WHAT YOU WILL DO = Find the word "Image" in the listing below, then return every line it appears in.

STUDY MATERIAL =
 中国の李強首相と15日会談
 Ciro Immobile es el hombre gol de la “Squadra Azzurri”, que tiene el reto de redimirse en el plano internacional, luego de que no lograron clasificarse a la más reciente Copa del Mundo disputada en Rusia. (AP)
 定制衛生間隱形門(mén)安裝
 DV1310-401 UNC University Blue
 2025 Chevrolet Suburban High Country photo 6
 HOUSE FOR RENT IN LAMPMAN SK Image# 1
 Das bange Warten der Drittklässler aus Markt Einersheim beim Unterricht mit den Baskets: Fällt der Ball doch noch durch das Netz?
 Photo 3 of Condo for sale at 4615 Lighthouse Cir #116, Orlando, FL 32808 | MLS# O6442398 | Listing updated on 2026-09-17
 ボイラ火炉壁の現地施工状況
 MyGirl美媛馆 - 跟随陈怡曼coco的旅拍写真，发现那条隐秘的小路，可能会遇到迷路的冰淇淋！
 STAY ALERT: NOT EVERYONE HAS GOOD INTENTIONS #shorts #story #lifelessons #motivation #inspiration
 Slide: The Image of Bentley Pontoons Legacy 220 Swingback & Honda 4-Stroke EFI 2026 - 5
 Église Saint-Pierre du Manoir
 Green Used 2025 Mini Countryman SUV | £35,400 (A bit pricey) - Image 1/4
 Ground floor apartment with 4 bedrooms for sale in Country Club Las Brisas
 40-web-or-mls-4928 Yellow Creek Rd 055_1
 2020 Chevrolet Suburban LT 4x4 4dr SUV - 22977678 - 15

ANSWER TO THIS EXERCISE =
 HOUSE FOR RENT IN LAMPMAN SK Image# 1
 Slide: The Image of Bentley Pontoons Legacy 220 Swingback & Honda 4-Stroke EFI 2026 - 5
 Green Used 2025 Mini Countryman SUV | £35,400 (A bit pricey) - Image 1/4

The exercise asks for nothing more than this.